This achievement is the result of more than two years of effort by the engineers, RPI midshipmen led by Tulsa Scott, and Colonie HS technology department students and instructor Chris Hanley. The pump ran flawlessly for twenty minutes while NPTU trainees took turns practicing, using a Navy style fire nozzle under the supervision of one of their CPOs. The packing leaks a bit, but that was apparently how the pump was designed, giving the Sailors the additional opportunity to dewater the B-3 bilge pocket when the exercise was complete.
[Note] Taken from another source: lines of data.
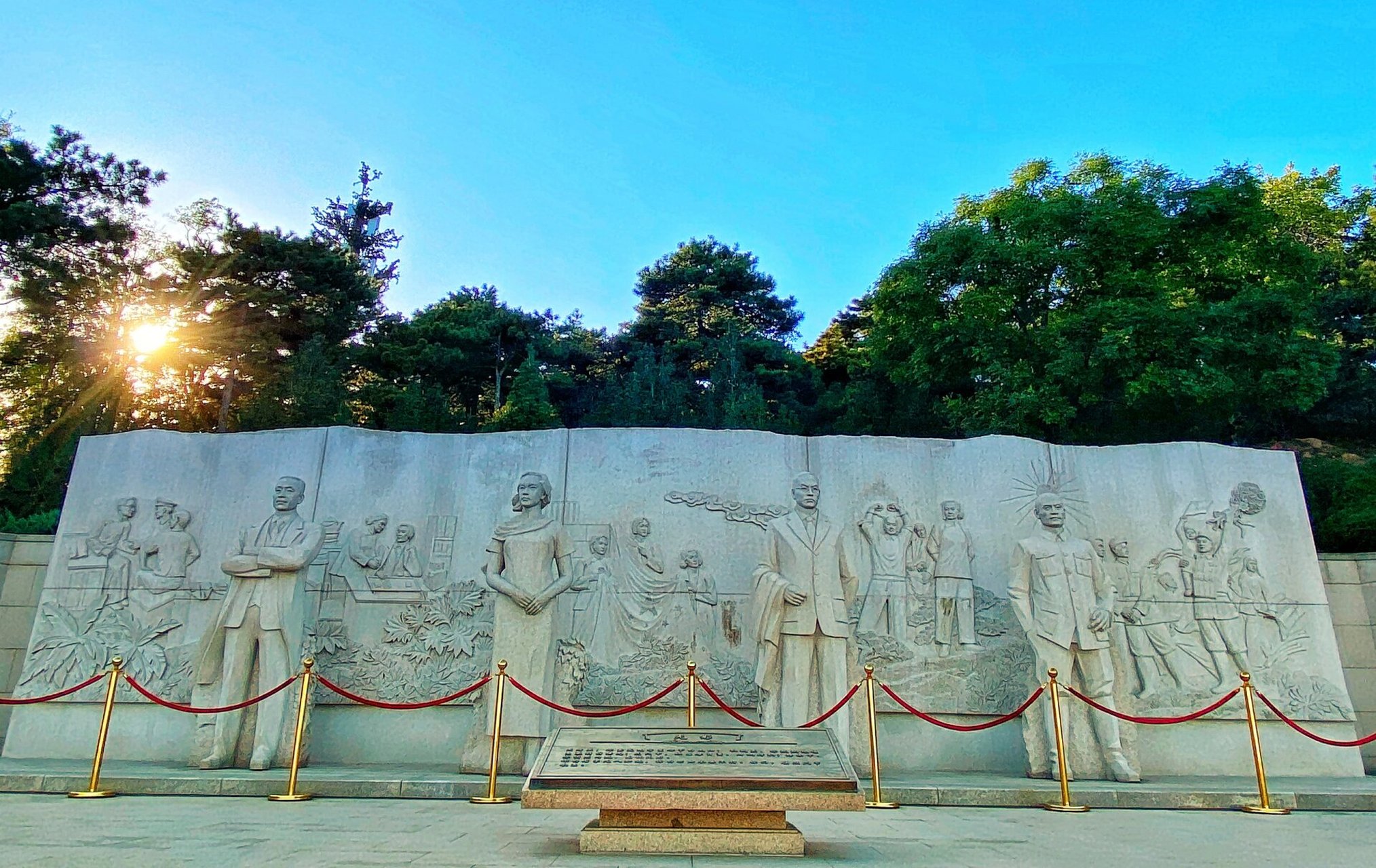 西山国家森林公园无名英雄广场 西山国家森林公园无名英雄纪念碑 长河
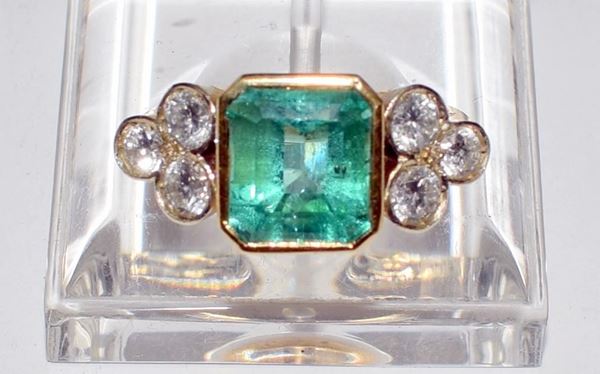 ANELLO IN ORO GIALLO, DIAMANTI E SMERALDO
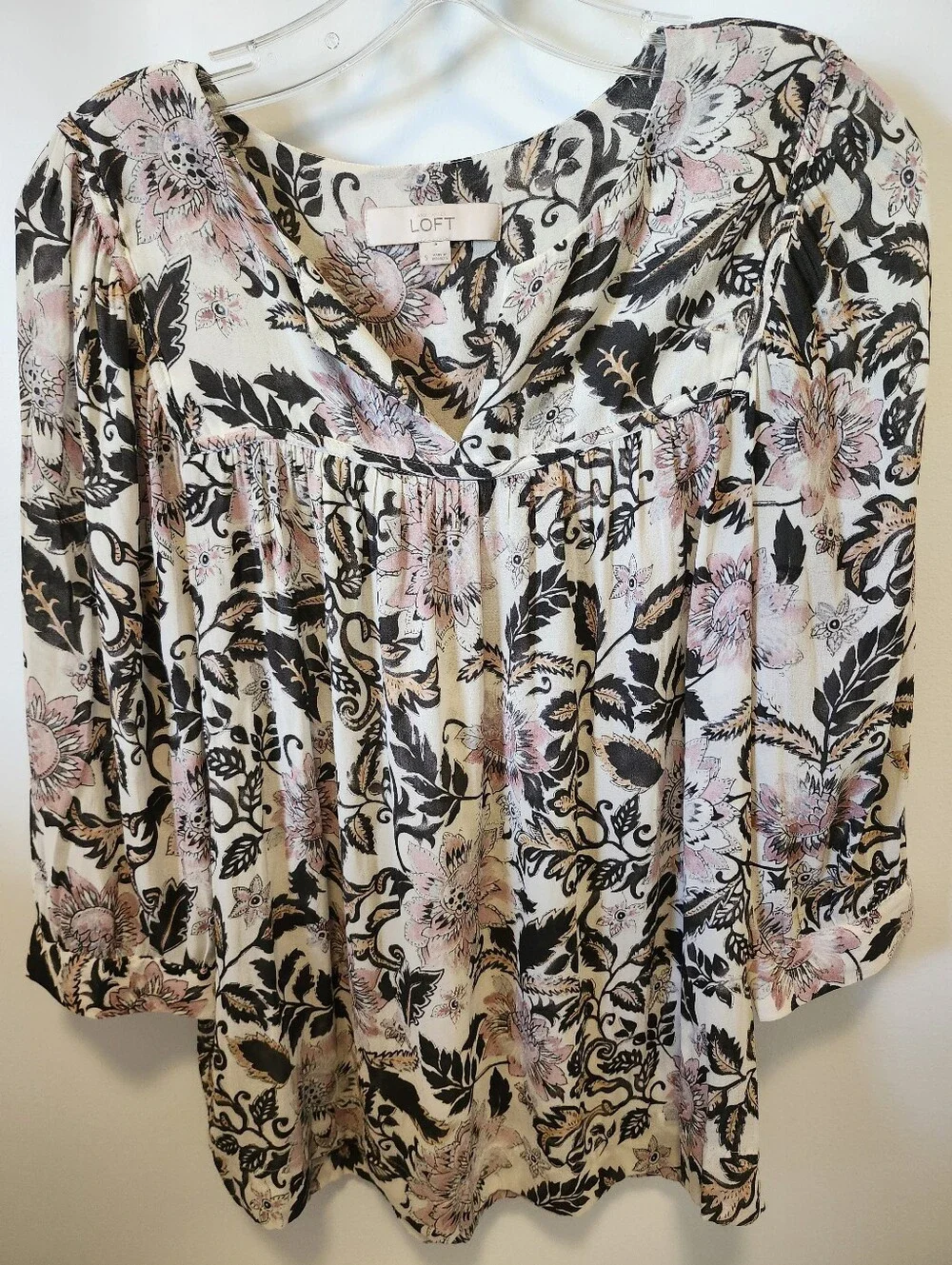 LOFT Women's Cream Floral Peasant Top with Pink Accents Women's Small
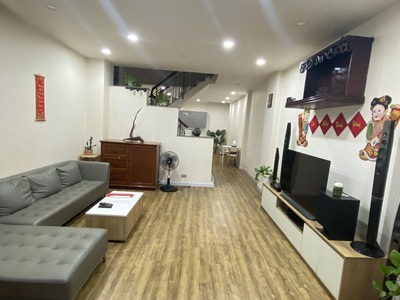 Cho thuê pjongf khép kín chính chủ t2 2035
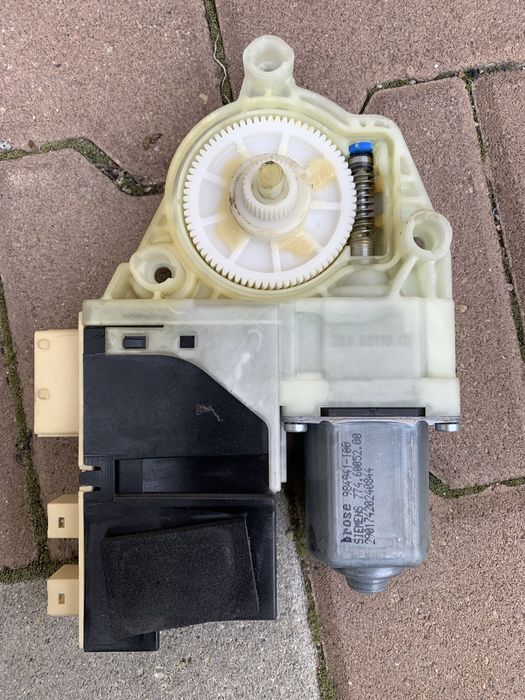 Моторче машинка ел стъкла ляво дясно ситроен Ц4 citroen c4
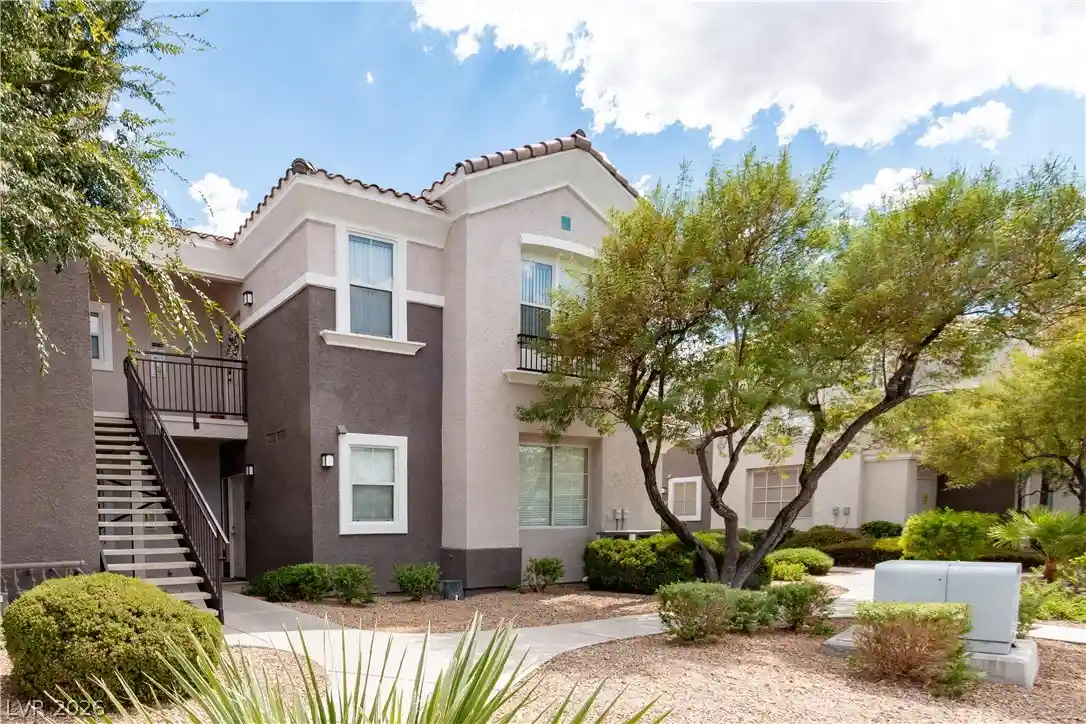 Listing Photo 1 - Condo for sale in 2325 Windmill Pkwy located at 2325 Windmill Pkwy, Henderson, NV 89074 - Unit #1214
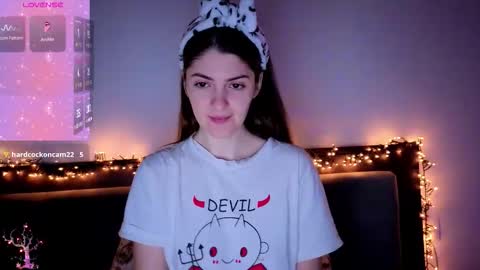 Snapshot of _just_a_simple_girl chatting on February 15, 2026, 9:19 am _just_a_simple_girl online show from February 15, 2026, 9:19 am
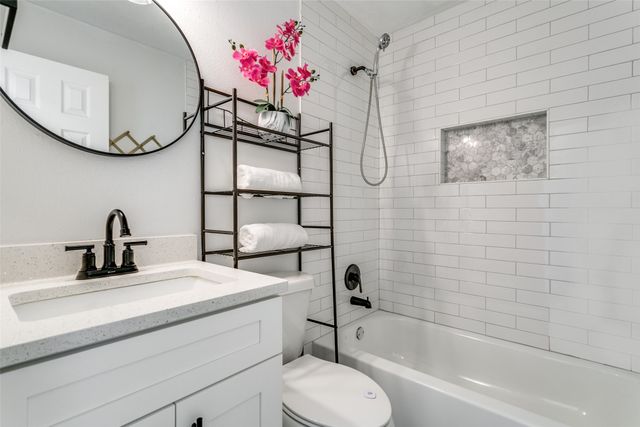 5709 Shipp Drive, Watauga, TX 76148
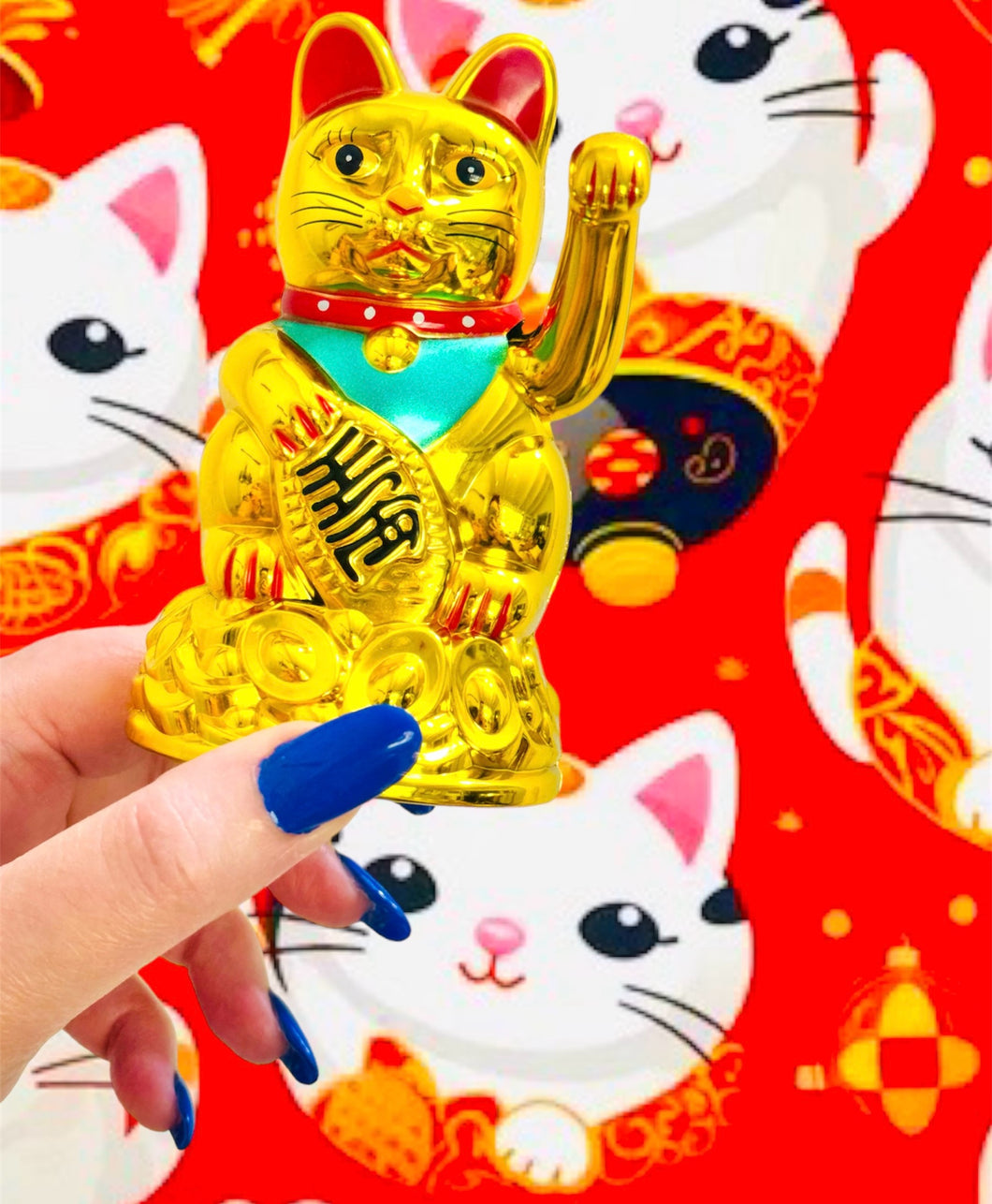 Large Maneki Neko Gold Cat For Wealth And Prosperity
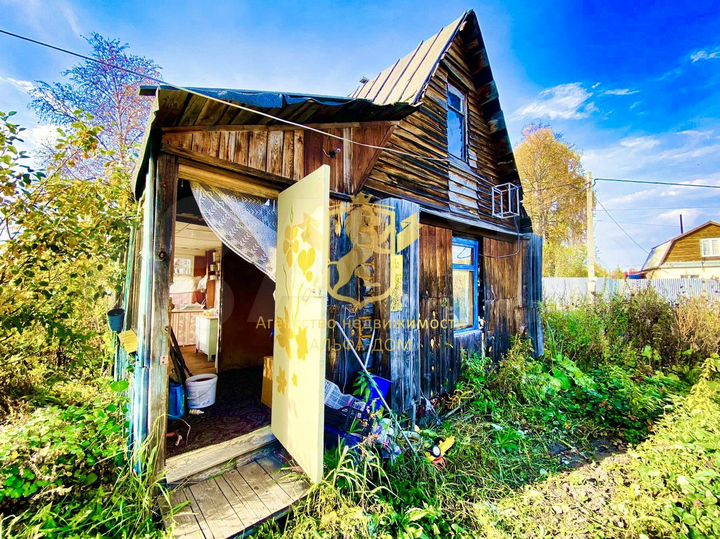 Дача 20 м² на участке 10 сот.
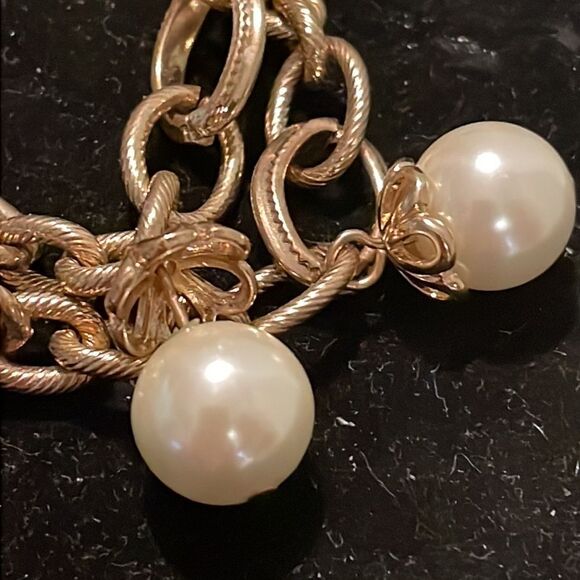 8” double gold plated chain bracelet w/4 simulated pearls & 4 candy cane charms - Picture 4 of 11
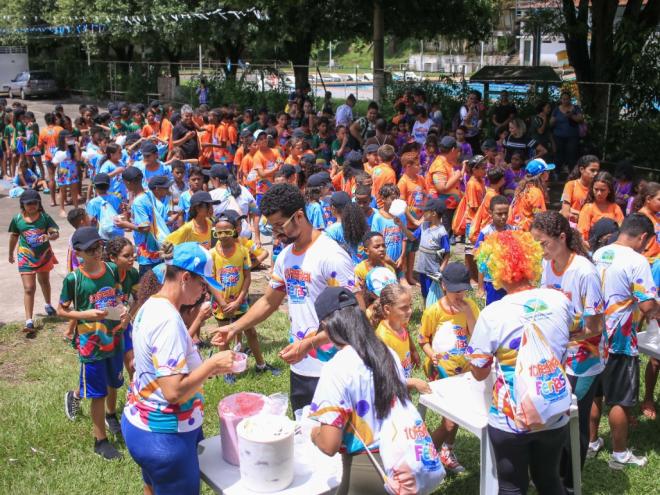 A programação inclui atividades de lazer e recreação como dança, futebol de campo e o já tradicional festival de sorvete   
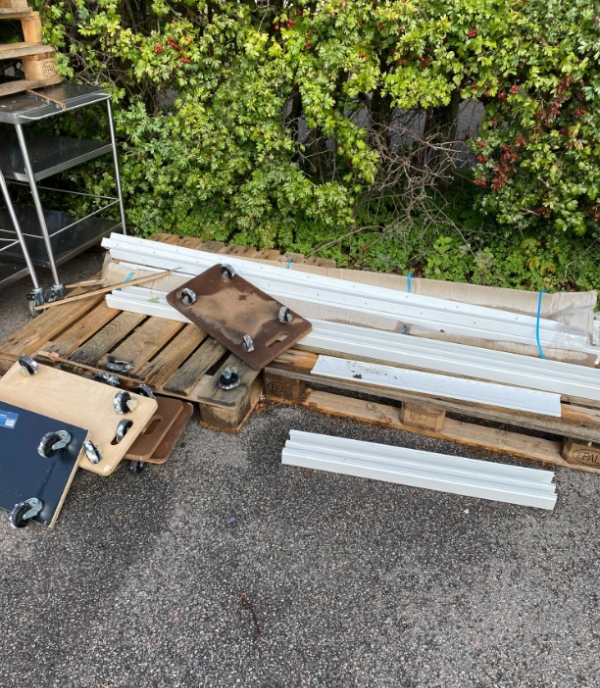 Afhentning af skrald, metal, plast, byggematerialer osv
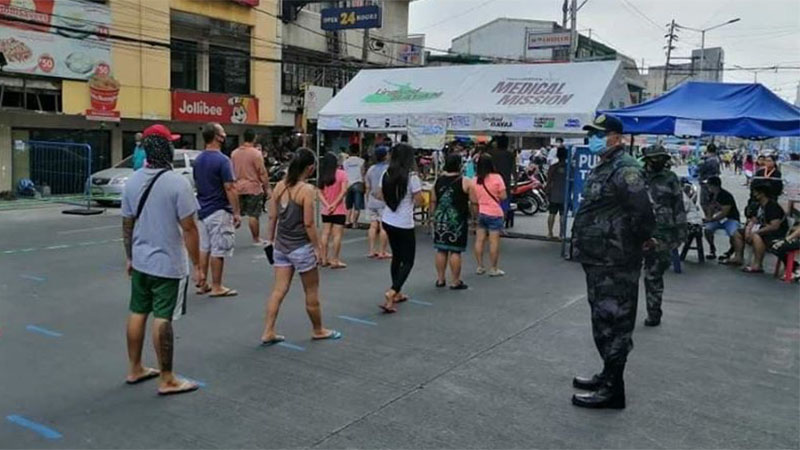 Philippine officials who delay giving cash aid by April 30 to face charges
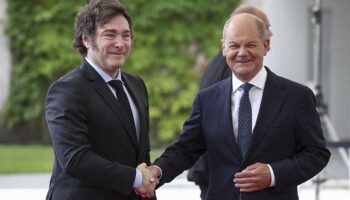 Milei se encuentra con Scholz en su primera reunión de trabajo con un líder socialista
Barry also did some off site work, sharing his expertise with Paul Cora and the Historic Ships Baltimore team. While in Baltimore for a conference, Barry worked to assist on the Coast Guard Cutter TANEY. The main project of the day was scoping out the AN SPS-64 surface search radar on TANEY. The goal was to see what should be done to get the antenna rotation motor wired up and running again. While they are not quite there yet, they are much closer to this goal as a result of Barry's help and expertise. Barry also worked with TANEY Ship's Manager Ryan Szimanski to trace out and fix a ground in the ship's Sick Bay, successfully test the 120VAC ground detector on the ship's main switchboard, and survey several fuse and junction boxes for "hot spots," using an infrared sensor.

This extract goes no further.